/json-deducr

JSON Deduplicated Compressed Representation

Primary LanguageTypeScriptMIT LicenseMIT

JSON Deduplicated Compressed Representation

json-deducr is a way of representing JSON, which for some data sets will result in a smaller stream.

Why?

In my app I have large JSON datasets that are quite verbose in nature. Many strings and whole smaller objects are repeated throughout the dataset. Instead of a contrieved and messy refactoring of the schema, which would also make the resulting dataset harder to work with in code, I came up with this alternative representation of JSON data. The representation on disk/wire is reduced significantly on my dataset, but gzip compression already solves this problem. However, on the receiving end, objects that are duplicated throughout the dataset will have only a single instance which also reduces memory footprint on the decoded data.

How?

The encoder scans the data and finds strings, objects and arrays that occur more than once. These JSON values are stored in a dictionary object and are stored with a reference key wherever they occur. The encoded representation consists of this dictionary object, with the encoded object available under the key ".". This means that the encoded representation is also valid JSON.

What does it look like?

Original JSON representation:

{
    "persons": [
        {
            "name": "John",
            "hair_color": "brown",
            "car": {
                "brand": "Toyota",
                "model": "Corolla",
                "year": 1987
            }
        },
        {
            "name": "Lucy",
            "hair_color": "red",
            "car": {
                "brand": "Toyota",
                "model": "Corolla",
                "year": 1987
            }
        }
    ]
}

Deduplicated compressed representation:

{
    ".": {
        ".persons": [
            {
                "A": ".John",
                "B": ".brown",
                "C": "I"
            },
            {
                "A": ".Lucy",
                "B": ".red",
                "C": "I"
            }
        ]
    },
    "A": "name",
    "B": "hair_color",
    "C": "car",
    "D": "brand",
    "E": "model",
    "F": "year",
    "G": "Toyota",
    "H": "Corolla",
    "I": {
        "D": "G",
        "E": "H",
        "F": 1987
    }
}

What are the details of the format?

Representation JSON Types

Numbers, true, false and null

These JSON values are unchanged in their encoded representation

String

An encoded string that starts with a period is simply decoded by removing this leading period. If the encoded string does not start with a period, it is actually a dictionary key and should be looked up in the dictionary object. This means that when decoded, the result may not be a string!

Array

An encoded array is just represented as an array of encoded values

Object

An encoded object is represented as a JSON object but with keys and values replaced with encoded versions.

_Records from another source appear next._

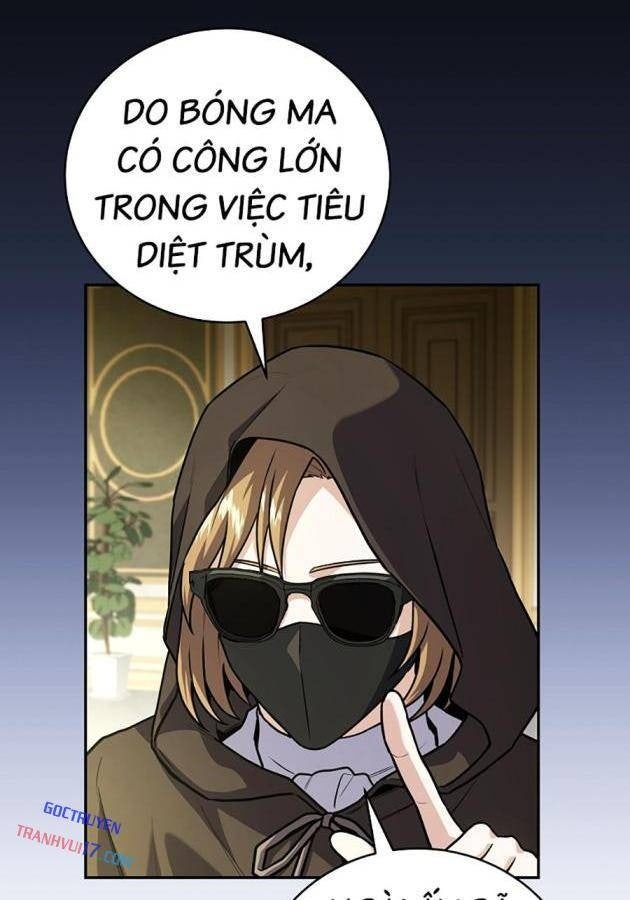 Sử Trở Lại Của Frozen Player - Page 40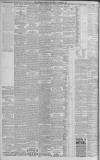 Nottingham Evening Post Friday 06 September 1901 Page 4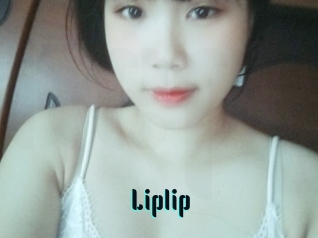 Liplip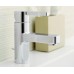 Смеситель Grohe Lineare 32115000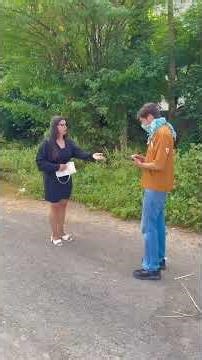 Bad things never happen to those with good intentions. #shortstory #shortvideos #shortsfeed #shorts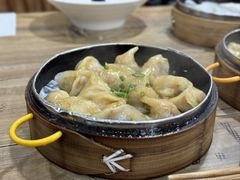 -一溜下
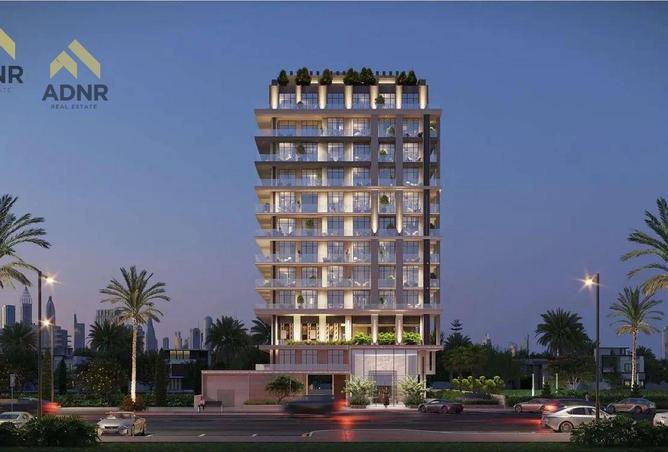 61661641 - الصورة الرئيسية للعقار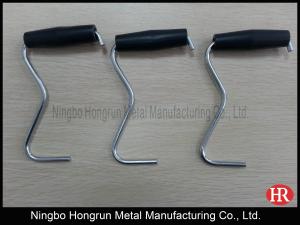 Wholesale hotselling tent peg puller from china suppliers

The dictionary object keys

The dictionary object key "." is special as it holds the root JSON value to be decoded. Other keys may be chosen freely by the encoder. In practice this will be done in such a way that commonly referred values have shorter keys.

Note on immutable data

The current Javascript implementation will decode every value in the dictionary only once, and therefore arrays and objects will be subject to Object.freeze(). This will allow for efficient in-memory storage of the representation, but a deep copy must be made if the data has to change.